Una amiga,
estupenda chef de Monterrey, comenzó a escribir en un periódico digital sobre
cocina. En menos de una semana había recibido un aluvión de descalificaciones e
insultos a cuenta de nada en la sección de comentarios del lector que tomó la
decisión irrebatible, de no volver a incursionar como articulista en la web.
“Lo hago por mis hijos” dijo. “Y es que me han faltado tanto al respeto con
alusiones sexuales y burlas subidas de color que no pude tolerar tanto bullying”.
Le respondí
que a mí, como a casi todos los que escribimos en la web social, me pasa lo
mismo. Mis artículos suelen ser carnada de campañas de trolls que me critican
“ad hominem”, es decir, no disienten de mis opiniones sino de mi persona, en
franca repulsa a mi necedad de seguir vivo. Uno fue particularmente incisivo.

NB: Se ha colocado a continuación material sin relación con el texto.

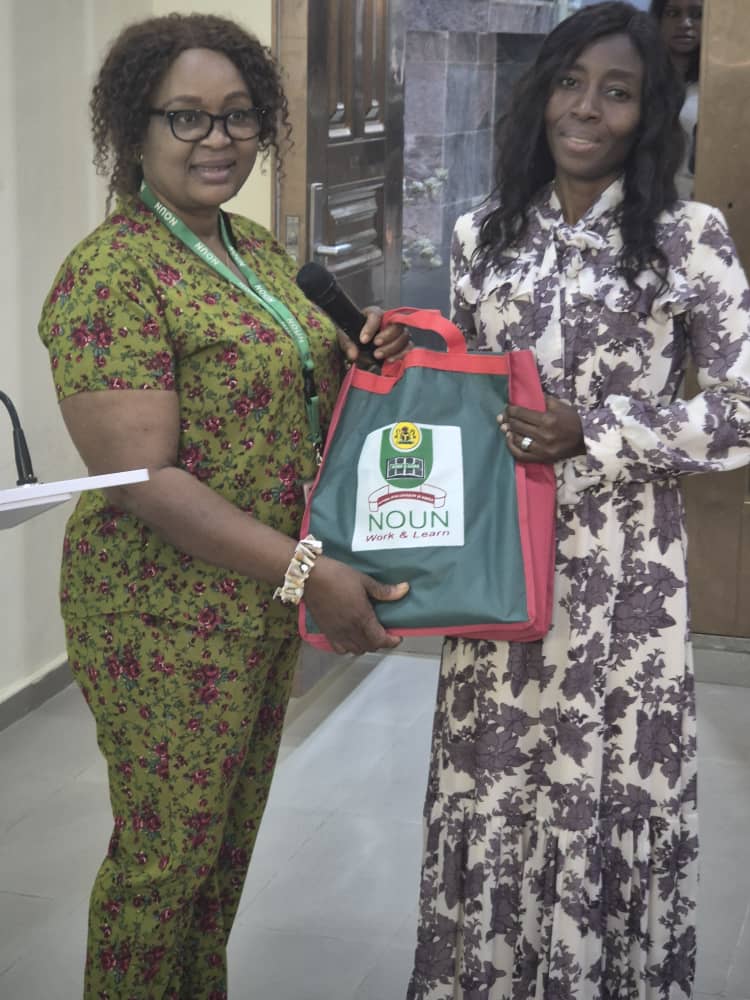 Presentation-of-souvenir-to-our-Facilitator-Mrs-Kikelomo-Aina-Team-C-Lead-SERVICOM-Presidency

Días y noches me acosó con una saña obsesiva-compulsiva hasta que le contesté
que ya soy lo suficientemente mayor como para sufrir bullying.
Entiendo muy
bien a mi amiga chef: a nadie nos gusta ser ofendidos. Ni insultados. Ni
difamados. Ni calumniados. Ni en vivo ni bajo pseudónimo. Pero la solución es
simple: se le ignora, y listo: es el precio por opinar públicamente con nuestro
nombre y apellidos. En el fondo, el problema psicológico no está del lado de
quien opina públicamente sobre un asunto político o una receta de cocina, sino
de quien calumnia cobarde y agresivamente desde el anonimato. Su afán consiste
en buscar notoriedad a expensas de otros, llamar la atención a como de lugar:
es una distorsión del ego.
Esto se
deriva de una psicopatología denominada “online disinhibition effect”. Cuando
determinadas personas se plantan solitarias frente a una pantalla, se les
detona un efecto peculiar: el anonimato las envalentona, incrementan
características escondidas de temeridad, auspiciados por la invisibilidad que
propician las redes sociales.
Cuando
interactuamos cara a cara, el cerebro se mantiene usualmente en autocontrol
gracias al córtex orbitofrontal, que emite señales para moderar nuestros
impulsos y empatizar con los demás. Eso nos evita salidas de tono y
comportamientos inaceptables. Pero en Internet, el córtex no funciona igual que
en la vida real, porque no está bien adiestrado en el medio online. De ahí que
nos sea muy fácil dejarnos llevar por impulsos, desatamos con ligereza los
instintos primarios, y podemos enviar sin pensarlo dos veces comentarios
insultantes. “Al cabo nadie nos ve”.